First act: Brash young(ish) hedge fund guy takes over iconic American business, forces through closures and layoffs, makes lots of money for his friends.

From the moment he bought into what was then called Sears, Roebuck & Co., he also maneuvered to protect his financial interests. At times, he even made money. He closed stores, fired employees and … carved out some choice assets for himself.

All seems to be going well. But now the second act: He gets too attached, and instead of passing the drained but still functioning business onto some other sucker, imagines he can run it himself. But managing a giant retailer is harder than it looks. Getting on a videoconference a couple times a week and telling the executives that they’re idiots isn’t enough to turn things around.

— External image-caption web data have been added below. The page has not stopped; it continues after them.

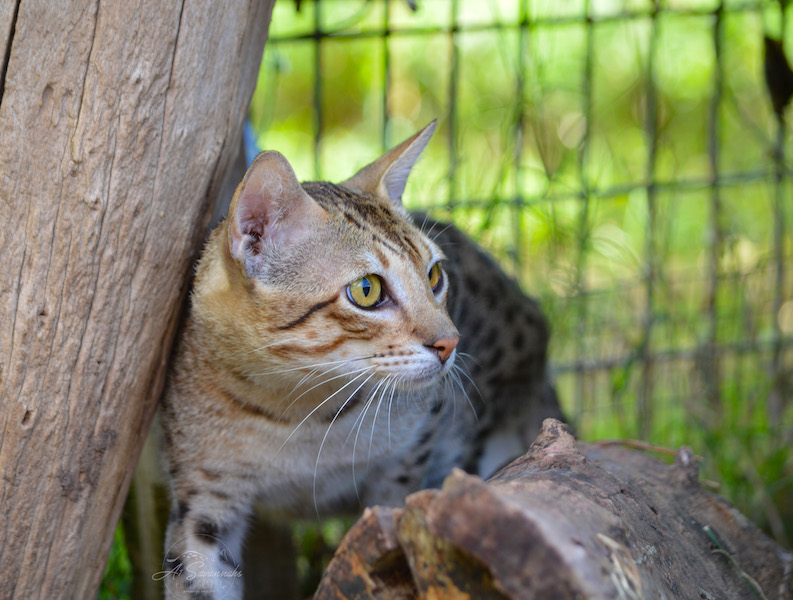 A1Savannahs F5 Savannah Breeder Male Aspen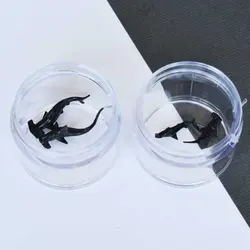 ماکت مینیاتوری کوسه سرچکشی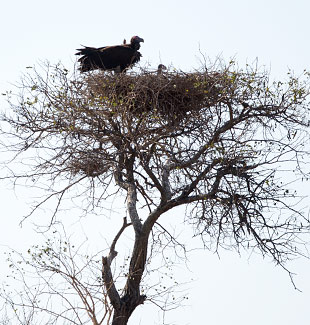 Lappet-faced Vulture on nest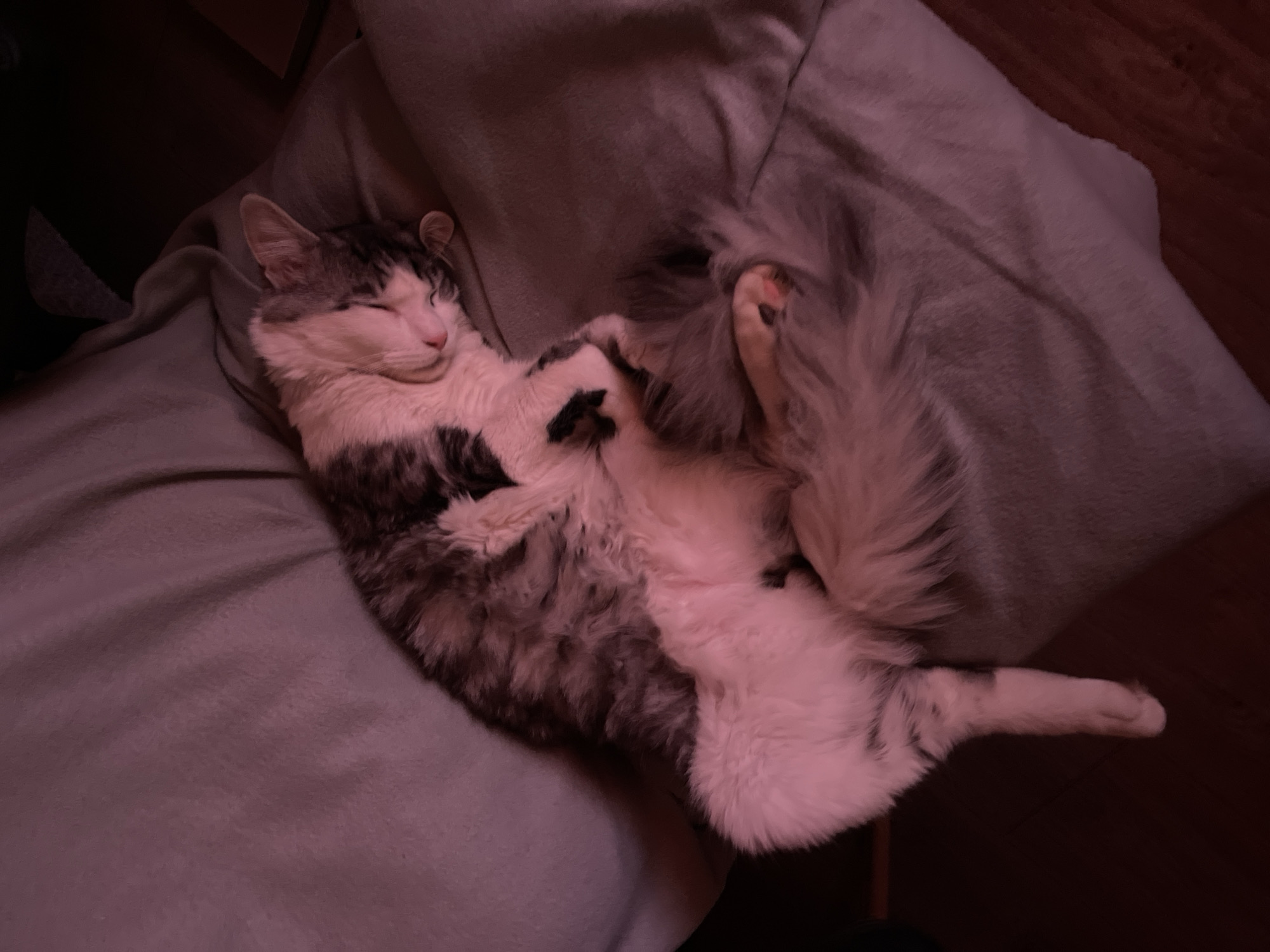 A cat with grey and white fur is lying on its back on a light grey blanket. The cat is positioned diagonally in the frame, with its head at the upper left and its hind paws at the lower right. Its eyes are closed, and its paws are curled up near its belly. The background is dark and indistinct, showing glimpses of a wooden surface at the right and a dark, possibly black, object at the left. The lighting has a slight red or pink cast. The location is indeterminable as the image does not show the city of Sofia, Bulgaria.
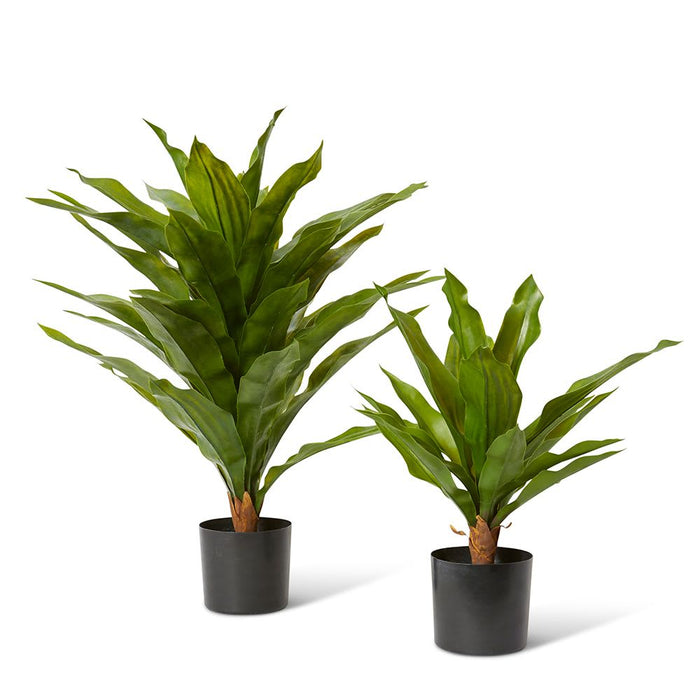 Dracaena Potted (Outdoor) - Green, 48cm (H)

But the big mistake was even trying to. Poor Eddie Lampert has forgotten “the investors’ commandment: Get out in time.” That’s always the danger for money and its human embodiments — to get drawn into some business, some concrete human activity, instead of returning to its native immaterial form. Once the wasp larva has sucked the caterpillar dry, it needs to get out and turn back into a wasp, not go shambling around in the husk. This one waited too long.

Not even Lampert’s friends could understand why the hedge-fund manager, once hailed as a young Warren Buffett, clung to his spectacularly bad investment in Sears, a dying department store chain. … After 13 years under Lampert’s stewardship, Sears finally seems to be hurtling toward bankruptcy, if not outright liquidation. And, once again, Wall Street is wondering what Eddie Lampert will salvage for himself and his $1.3 billion fund, ESL Investments Inc., whose future may now be in doubt.

Oh no! Will the fund survive? Don’t worry, there’s a third act. Sears may have crashed and burned,  but it turns out Lampert had a parachute – he set himself up as the senior creditor in the bankruptcy, and presciently spun off the best assets for himself.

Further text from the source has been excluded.